And it is further ordered, that before the commissioners shall receive such acknowledgment, they, or in case one of them shall be interested or concerned as aforesaid, then such one of them as shall not be so interested or concerned, do inquire of every married woman, separately and apart from her husband and from the attorney or solicitor concerned in the transaction, whether she intends to give up her interest in the estate to be passed by such deed, without having any provision made for her in lieu of, or in return for, or in consequence of her so giving up such interest; and where such married woman in answer to such inquiry shall declare that she intends to give up such her interest without any provision, and the said commissioners shall have no reason to doubt the truth of such declaration and shall verily believe the same to be true, then they shall proceed to receive the said acknowledgment; but if it shall appear to them, or to such one of them as aforesaid, that it is intended that provision is to be made for any such married woman, then the commissioners shall not take her acknowledgment until they are satisfied that such provision has been actually made by some deed or writing produced to them; or if such provision shall not have been actually made before, then the commissioners shall require the terms of such intended provision to be shortly reduced into writing, and shall verify the same by their signatures in the margin at the foot or at the back thereof.

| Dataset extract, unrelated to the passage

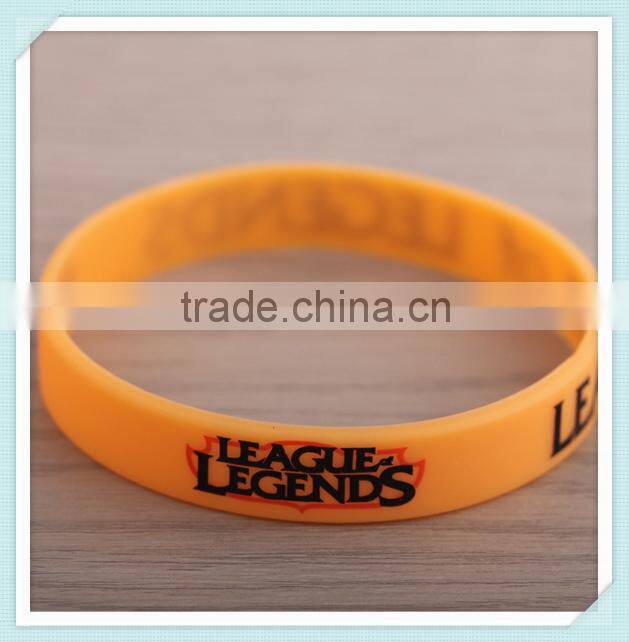 custom rubber bracelet cool silicone wristband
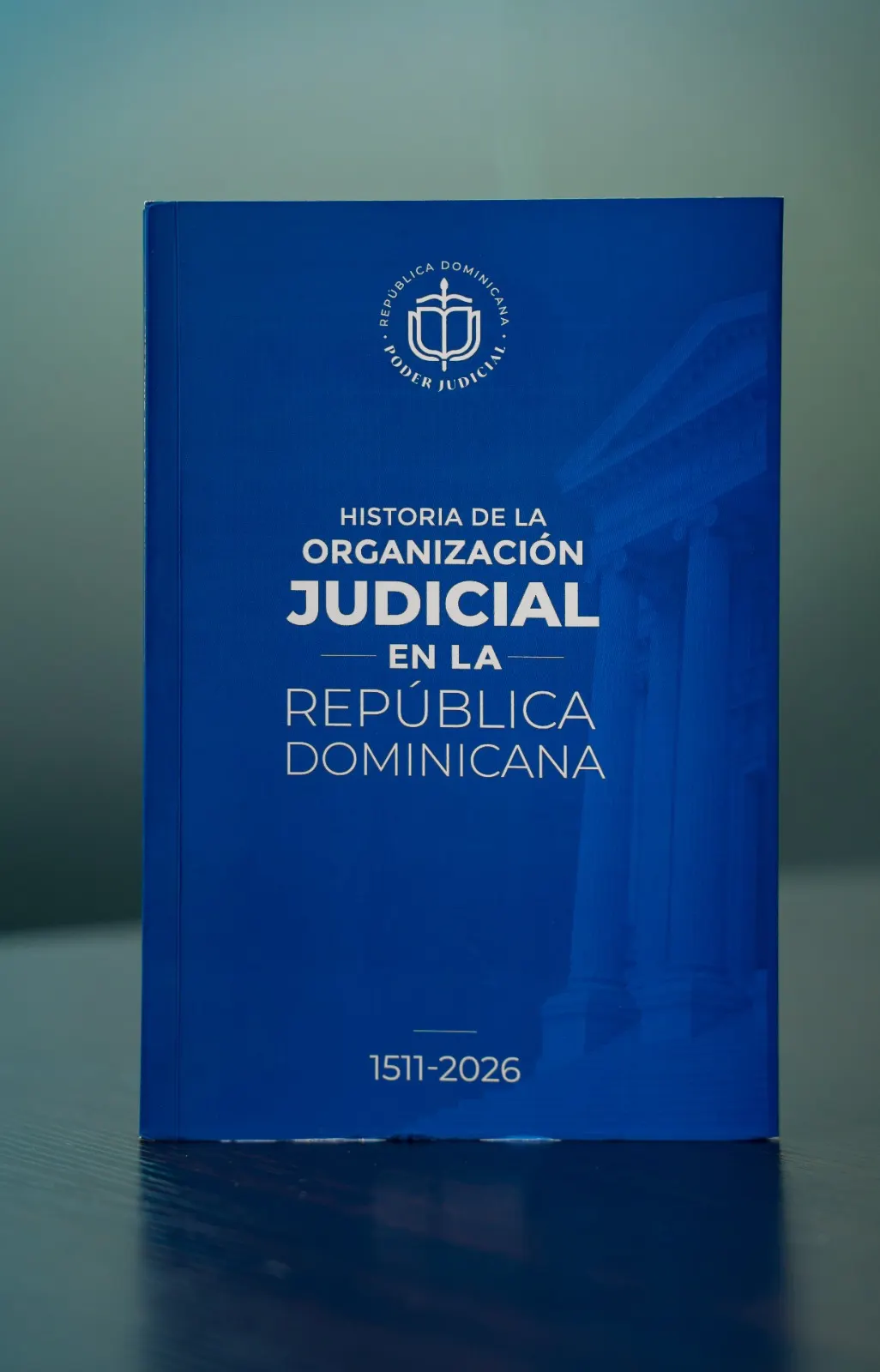 Presentan libro sobre la historia del sistema judicial dominicano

And it is hereby further ordered, that the affidavit verifying the certificate to be made pursuant to the said act, and which certificate shall be in the form contained in the said act, shall (except in such cases where the acknowledgment shall be taken elsewhere than in England, Wales or Berwickupon-Tweed) be made by some practising attorney or solicitor of one of the courts at Westminster, or of one of the counties palatine of Lancaster or Durham; and that in all cases it shall be deposed, in addition to the verification of the said certificate, that the deponent (or if more than one person join in the affidavit, that one or more of the deponents) knew the person or persons making such acknowledgment, and that at the time of making such acknowledgment the person or persons making the same was or were of full age and competent understanding, and that one at least of the commissioners taking such acknowledgment, to the best of his deponent's knowledge and belief, is not in any manner interested in the transaction giving occasion for the taking of such acknowledgment, or concerned therein as attorney, solicitor or agent, or as clerk to any attorney, solicitor or agent so interested or concerned; and that the names and residences of the said commissioners, and also the place or places where such acknowledgment or acknowledgments shall be taken, shall be set forth in such affidavit; and that, previously to such acknowledgment being taken, the deponent had inquired of such married woman, (or if more than one, of each of such married women,) whether she intended to give up her interest in the estate to be passed, and also the answer given thereto; and where any such married woman in answer to such inquiry shall declare that she intends to give up her interest without any provision, the deponent shall state that he has no reason to doubt the truth of such declaration, and he verily believes the same to be true. And where any provision has been agreed to be made, the deponent shall state that the same has been made by deed or writing, or, if not actually made before, that the terms of the intended provision have been reduced into writing, which deed or writing he verily believes has been produced to the said (judge,) (master or commissioners.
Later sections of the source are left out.